Sicherheitsexperten auf der ganzen Welt warnen davor, dass die Gefahr eines Atomkrieges wieder wächst. Die USA und Russland haben ihren Kontrollvertrag zu den Mittelstrecken-Waffen gekündigt, Nordkorea testet seit Jahren Nuklearraketen, und auch die Nachbarländer Indien und Pakistan rüsten atomar auf.

Welche verheerenden Folgen selbst ein "begrenzter" Atomkrieg zwischen diesen beiden Staaten in Südasien haben würde, zeigt eine neue Studie von US-amerikanischen Klima- und Umweltforschern: Binnen weniger Tage könnten 50 bis 125 Millionen Menschen sterben, und die gesamte Erde würde in eine verheerende, bis zu zehn Jahren andauernde "Kaltzeit" gestürzt.

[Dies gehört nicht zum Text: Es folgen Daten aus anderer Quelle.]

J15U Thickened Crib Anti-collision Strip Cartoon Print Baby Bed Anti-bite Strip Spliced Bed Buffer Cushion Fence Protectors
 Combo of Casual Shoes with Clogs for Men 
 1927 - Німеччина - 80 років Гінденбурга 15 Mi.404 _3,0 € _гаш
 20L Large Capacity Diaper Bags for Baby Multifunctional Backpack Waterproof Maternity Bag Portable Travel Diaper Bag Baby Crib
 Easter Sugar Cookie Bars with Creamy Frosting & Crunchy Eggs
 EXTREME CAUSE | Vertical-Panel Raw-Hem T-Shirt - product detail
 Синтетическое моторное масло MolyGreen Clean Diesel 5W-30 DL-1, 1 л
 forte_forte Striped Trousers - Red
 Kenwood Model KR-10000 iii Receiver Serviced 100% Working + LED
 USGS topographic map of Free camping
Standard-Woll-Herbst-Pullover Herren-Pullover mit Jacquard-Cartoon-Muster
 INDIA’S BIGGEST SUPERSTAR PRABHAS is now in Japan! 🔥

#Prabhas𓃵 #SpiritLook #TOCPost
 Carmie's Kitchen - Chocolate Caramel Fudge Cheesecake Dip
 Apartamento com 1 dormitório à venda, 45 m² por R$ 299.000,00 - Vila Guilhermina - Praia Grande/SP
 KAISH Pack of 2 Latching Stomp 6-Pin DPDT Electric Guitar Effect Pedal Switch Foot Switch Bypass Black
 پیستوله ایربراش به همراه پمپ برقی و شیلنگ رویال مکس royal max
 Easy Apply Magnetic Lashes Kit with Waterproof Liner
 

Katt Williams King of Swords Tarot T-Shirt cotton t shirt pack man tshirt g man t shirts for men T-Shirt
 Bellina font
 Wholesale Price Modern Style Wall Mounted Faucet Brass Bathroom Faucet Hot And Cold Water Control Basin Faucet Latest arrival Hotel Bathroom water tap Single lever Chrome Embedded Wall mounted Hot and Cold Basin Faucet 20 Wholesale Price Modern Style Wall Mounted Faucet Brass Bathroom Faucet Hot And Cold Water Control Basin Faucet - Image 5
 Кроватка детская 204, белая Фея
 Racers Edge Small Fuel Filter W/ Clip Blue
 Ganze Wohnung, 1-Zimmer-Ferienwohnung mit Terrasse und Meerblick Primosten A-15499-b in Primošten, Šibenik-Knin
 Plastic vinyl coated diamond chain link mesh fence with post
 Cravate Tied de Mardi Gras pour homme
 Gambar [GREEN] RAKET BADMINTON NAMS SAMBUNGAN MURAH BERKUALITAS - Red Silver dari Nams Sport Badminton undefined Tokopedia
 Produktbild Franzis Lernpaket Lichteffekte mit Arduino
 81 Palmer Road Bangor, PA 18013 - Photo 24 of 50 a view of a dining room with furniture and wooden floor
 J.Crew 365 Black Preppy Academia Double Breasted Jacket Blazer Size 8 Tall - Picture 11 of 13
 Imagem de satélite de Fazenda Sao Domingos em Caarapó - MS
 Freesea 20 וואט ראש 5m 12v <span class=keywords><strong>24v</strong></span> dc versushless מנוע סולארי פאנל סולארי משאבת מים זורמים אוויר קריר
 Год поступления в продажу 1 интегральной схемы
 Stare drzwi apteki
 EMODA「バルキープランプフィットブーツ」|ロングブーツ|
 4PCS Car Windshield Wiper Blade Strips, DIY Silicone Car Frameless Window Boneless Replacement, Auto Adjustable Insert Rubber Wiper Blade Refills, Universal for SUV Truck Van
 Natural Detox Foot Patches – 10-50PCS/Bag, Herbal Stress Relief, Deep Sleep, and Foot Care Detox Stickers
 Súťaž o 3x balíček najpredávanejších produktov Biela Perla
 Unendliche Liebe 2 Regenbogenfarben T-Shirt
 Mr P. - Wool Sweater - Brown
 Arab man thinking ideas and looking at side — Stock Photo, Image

Derzeit haben die beiden Großmächte USA und Russland die Kontrolle über mehr als  90 Prozent der geschätzt 13.900 Atomwaffen weltweit. Doch Indien und Pakistan rüsten ihre Nuklear-Arsenale weiter auf. Die Experten von der University of Colorado gehen davon aus, dass die beiden Länder im Jahr 2025 zusammen über bis zu 500 Atomwaffen verfügen werden. Gegenwärtig sind es laut dem Stockholmer Friedensforschungsinstitut Sipri um die 200.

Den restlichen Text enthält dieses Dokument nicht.